═══ Recorded information

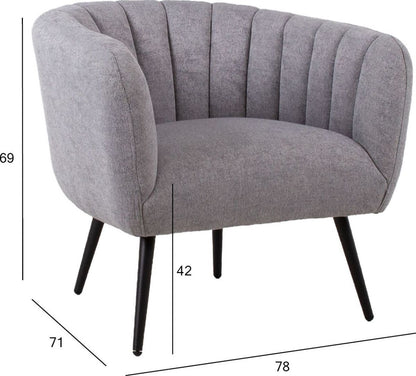 Lounge Chair Tucker | size: Width: 78cm, Height: 69cm, Depth: 71cm | color: Gray | image: 6 | variant: 1004933
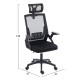 ΚΑΡΕΚΛΑ ΓΡΑΦΕΙΟΥ FB91226.01 ΜΑΥΡO PP & MESH ΥΦΑΣΜΑ 47x47x128Υεκ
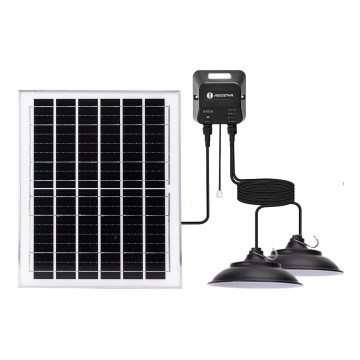 Aigostar - LED solarni luster 2xLED/70W/12V 12000 mAh 6500K IP65 prečnik 23,5 cm + daljinski upravljač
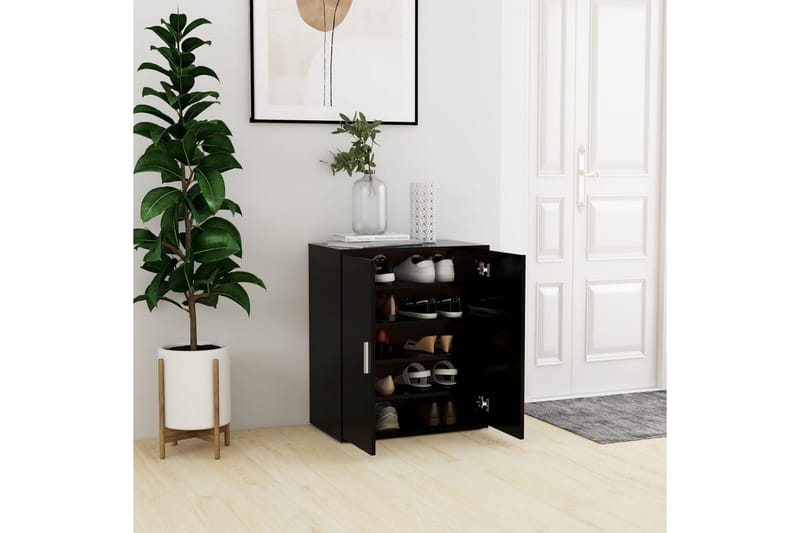 Skoskåp svart 60x35x70 cm spånskiva - Svart - Förvaring - Skoförvaring - Skoskåp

══════

Could you copy the lines above exactly and skip the images?

 Lounge Chair Tucker | size: Width: 78cm, Height: 69cm, Depth: 71cm | color: Gray | image: 6 | variant: 1004933
 ΚΑΡΕΚΛΑ ΓΡΑΦΕΙΟΥ FB91226.01 ΜΑΥΡO PP & MESH ΥΦΑΣΜΑ 47x47x128Υεκ
 Aigostar - LED solarni luster 2xLED/70W/12V 12000 mAh 6500K IP65 prečnik 23,5 cm + daljinski upravljač
 Skoskåp svart 60x35x70 cm spånskiva - Svart - Förvaring - Skoförvaring - Skoskåp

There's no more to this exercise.